David Royko Psy.D
The Peripatetic Task Force - Midnight Madness, 1976 (the poster)
While digging around the 'net looking for anything related to the 1973 musical based on Dad's book, Boss, I found a review that had appeared in the Hyde Park Herald, by Ron Offen.
Poetry fans may be familiar with Offen's magazine, Free Lunch, which he has published since the late 1980s, and that is just one facet of an interestingly varied life.
I was a bit stunned to see that he had formed the theater company, The Peripatetic Task Force and staged Midnight Madness at the Body Politic Theater in the mid-1970s. When I was in high school, my English Lit teacher, Bill Hinchliff (renowned these days for his architectural tours of Chicago and other cities), put together a 3-week Chicago community theater-going experience for a handful of interested students. Midnight Madness was one of the shows we saw.

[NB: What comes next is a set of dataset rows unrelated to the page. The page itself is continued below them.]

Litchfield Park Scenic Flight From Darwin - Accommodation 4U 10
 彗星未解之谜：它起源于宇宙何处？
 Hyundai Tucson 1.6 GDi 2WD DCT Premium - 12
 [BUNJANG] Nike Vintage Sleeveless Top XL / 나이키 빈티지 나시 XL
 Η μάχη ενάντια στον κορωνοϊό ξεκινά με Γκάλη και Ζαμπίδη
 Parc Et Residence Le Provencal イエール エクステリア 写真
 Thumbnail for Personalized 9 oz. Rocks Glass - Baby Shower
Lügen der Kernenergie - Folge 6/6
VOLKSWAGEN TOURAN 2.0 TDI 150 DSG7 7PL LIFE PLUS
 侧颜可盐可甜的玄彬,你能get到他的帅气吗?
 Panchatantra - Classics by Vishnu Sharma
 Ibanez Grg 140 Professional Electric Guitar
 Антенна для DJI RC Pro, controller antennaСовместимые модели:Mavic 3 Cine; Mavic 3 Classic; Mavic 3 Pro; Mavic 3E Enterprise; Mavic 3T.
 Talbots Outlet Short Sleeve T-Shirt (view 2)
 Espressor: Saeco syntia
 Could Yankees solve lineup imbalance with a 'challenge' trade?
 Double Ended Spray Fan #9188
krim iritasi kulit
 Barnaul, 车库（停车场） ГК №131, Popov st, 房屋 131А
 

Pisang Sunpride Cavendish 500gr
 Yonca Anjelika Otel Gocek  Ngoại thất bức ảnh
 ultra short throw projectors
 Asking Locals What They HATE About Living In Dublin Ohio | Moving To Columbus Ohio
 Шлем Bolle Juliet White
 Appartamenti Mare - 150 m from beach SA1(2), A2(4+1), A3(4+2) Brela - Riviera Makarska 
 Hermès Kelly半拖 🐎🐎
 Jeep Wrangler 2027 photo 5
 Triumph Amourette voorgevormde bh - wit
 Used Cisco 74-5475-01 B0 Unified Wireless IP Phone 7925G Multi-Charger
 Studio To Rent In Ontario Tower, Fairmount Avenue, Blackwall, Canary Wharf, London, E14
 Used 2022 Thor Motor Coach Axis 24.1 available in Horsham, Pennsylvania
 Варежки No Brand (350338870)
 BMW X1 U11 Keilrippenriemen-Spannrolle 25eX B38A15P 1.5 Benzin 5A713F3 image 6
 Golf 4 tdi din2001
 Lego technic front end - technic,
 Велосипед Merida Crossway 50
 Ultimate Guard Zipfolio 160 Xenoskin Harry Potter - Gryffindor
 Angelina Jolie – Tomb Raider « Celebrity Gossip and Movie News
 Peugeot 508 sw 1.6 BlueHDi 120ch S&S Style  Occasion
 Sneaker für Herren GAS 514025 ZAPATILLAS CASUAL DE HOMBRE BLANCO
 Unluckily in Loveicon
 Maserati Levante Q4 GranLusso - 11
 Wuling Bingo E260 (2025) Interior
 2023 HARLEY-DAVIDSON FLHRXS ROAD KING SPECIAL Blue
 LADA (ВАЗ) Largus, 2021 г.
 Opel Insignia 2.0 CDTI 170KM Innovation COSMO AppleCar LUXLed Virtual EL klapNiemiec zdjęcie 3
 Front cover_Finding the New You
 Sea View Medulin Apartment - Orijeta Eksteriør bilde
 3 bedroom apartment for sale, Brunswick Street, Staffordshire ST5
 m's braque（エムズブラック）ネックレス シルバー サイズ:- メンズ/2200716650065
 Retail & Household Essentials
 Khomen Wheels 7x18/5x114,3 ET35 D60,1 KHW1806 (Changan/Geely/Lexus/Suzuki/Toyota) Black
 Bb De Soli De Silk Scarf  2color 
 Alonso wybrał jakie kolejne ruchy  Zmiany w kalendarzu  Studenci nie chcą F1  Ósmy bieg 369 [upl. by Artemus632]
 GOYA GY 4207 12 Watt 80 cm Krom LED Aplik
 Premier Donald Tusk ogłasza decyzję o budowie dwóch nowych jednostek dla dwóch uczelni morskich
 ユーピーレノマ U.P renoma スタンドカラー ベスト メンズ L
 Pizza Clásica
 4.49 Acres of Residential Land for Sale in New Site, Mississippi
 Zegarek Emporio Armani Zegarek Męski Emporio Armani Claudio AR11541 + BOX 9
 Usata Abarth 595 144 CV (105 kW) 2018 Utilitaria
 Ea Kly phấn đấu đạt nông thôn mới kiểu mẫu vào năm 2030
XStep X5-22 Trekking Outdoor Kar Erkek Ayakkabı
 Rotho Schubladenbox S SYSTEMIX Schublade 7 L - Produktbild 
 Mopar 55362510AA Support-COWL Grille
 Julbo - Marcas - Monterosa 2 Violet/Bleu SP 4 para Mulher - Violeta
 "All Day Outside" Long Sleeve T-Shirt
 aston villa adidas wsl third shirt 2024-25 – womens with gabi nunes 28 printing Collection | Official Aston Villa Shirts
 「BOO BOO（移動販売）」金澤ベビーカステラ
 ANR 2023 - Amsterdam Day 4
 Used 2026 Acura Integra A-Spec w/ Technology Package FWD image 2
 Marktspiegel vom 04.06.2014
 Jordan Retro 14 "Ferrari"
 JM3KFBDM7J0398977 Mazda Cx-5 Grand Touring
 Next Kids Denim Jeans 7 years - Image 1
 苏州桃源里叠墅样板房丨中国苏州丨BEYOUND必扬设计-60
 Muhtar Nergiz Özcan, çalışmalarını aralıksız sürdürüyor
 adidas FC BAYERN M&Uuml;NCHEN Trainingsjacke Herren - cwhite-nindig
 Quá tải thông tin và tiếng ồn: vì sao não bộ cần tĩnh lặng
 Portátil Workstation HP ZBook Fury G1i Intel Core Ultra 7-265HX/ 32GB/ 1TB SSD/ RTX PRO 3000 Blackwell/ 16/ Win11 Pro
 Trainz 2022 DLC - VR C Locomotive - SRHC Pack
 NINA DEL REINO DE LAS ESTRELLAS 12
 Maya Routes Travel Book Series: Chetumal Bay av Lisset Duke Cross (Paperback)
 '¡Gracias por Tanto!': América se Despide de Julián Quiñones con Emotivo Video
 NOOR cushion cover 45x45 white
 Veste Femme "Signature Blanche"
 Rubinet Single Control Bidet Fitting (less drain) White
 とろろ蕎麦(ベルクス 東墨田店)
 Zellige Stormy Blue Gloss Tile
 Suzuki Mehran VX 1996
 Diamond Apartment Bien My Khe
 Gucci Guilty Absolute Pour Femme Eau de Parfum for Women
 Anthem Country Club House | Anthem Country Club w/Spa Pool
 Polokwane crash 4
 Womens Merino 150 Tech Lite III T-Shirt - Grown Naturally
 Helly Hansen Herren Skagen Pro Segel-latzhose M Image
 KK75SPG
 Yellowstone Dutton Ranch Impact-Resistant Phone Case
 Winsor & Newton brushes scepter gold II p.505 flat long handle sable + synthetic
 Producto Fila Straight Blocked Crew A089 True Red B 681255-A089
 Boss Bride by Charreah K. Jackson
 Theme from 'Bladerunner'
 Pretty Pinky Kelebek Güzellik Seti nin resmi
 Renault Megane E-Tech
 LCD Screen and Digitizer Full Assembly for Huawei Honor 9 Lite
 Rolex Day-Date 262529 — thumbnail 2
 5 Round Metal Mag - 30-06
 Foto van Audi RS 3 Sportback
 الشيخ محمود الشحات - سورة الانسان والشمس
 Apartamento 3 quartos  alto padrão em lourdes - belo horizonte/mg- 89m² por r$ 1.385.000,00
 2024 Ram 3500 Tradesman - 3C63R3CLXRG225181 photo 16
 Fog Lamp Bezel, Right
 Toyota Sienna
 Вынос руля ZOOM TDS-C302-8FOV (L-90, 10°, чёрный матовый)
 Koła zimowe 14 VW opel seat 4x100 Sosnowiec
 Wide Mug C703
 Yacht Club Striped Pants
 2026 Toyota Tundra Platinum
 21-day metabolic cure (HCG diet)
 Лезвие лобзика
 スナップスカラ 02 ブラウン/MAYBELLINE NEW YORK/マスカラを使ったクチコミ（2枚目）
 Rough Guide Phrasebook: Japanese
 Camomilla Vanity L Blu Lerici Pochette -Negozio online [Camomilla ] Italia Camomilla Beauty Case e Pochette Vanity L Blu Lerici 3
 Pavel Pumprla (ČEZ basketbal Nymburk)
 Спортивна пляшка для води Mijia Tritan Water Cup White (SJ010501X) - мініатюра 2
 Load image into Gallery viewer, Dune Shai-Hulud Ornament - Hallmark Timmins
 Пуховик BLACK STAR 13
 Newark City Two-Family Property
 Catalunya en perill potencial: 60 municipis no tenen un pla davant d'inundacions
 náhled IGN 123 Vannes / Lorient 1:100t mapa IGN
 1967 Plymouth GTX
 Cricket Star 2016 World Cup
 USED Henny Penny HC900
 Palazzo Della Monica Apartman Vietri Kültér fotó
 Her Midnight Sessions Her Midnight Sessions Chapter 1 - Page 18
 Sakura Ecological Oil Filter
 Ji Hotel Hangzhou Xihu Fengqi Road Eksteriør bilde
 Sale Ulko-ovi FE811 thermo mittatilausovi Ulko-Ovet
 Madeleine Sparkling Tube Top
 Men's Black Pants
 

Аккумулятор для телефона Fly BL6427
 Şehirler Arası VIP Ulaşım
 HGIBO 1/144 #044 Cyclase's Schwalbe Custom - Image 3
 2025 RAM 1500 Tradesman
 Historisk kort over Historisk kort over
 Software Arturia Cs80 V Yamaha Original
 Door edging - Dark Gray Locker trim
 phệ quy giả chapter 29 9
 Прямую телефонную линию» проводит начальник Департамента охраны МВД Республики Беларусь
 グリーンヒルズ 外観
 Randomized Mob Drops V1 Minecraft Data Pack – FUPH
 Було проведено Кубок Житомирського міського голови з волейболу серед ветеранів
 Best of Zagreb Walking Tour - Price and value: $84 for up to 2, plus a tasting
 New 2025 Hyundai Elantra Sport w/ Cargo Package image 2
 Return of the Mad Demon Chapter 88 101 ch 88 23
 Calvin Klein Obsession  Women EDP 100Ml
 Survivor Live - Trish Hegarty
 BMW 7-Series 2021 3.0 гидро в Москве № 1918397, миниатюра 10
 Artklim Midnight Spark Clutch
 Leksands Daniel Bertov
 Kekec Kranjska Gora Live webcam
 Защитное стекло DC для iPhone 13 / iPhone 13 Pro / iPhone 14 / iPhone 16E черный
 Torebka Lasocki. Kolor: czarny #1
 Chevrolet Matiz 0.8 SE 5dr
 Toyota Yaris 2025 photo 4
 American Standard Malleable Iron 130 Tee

The mid-'70s were an exciting time for theater in Chicago, with the grass-roots community theater scene exploding. Thanks to Bill's project, we saw, among many other things, the first (or very early) run of David Mamet's American Buffalo, before Mamet (and AB) became a sensation. And when I say "among many other things," I mean it: Bill managed to cram 22 plays into twenty one days, and had us each keep a journal of our "reviews" of each play. (I haven't found that yet.)
Midnight Madness started at (yes) midnight, was dirt cheap (like most community theater back then--either free or a couple of bucks), served wine (a big deal for us high schoolers), and featured, we were told, plenty of "T & A" (an even bigger deal, at least for this hormonal adolescent). I remember thinking it was wild and wonderful.
When I contacted Offen in December of 2009 to alert him to the Hyde Park Herald review of Boss I had linked to this website, I mentioned my Midnight Madness experience. Much to my delight, he offered me a promotional poster from the show.
I recognized it instantly. Seeing it transported me back to 1976, and to the 22 plays in 21 days. Thanks so much Ron for the great poster and an even greater night, and Bill for getting a half-dozen youngsters there, maybe against your better judgment.
Update: Ron died August 9, 2010. He was 79.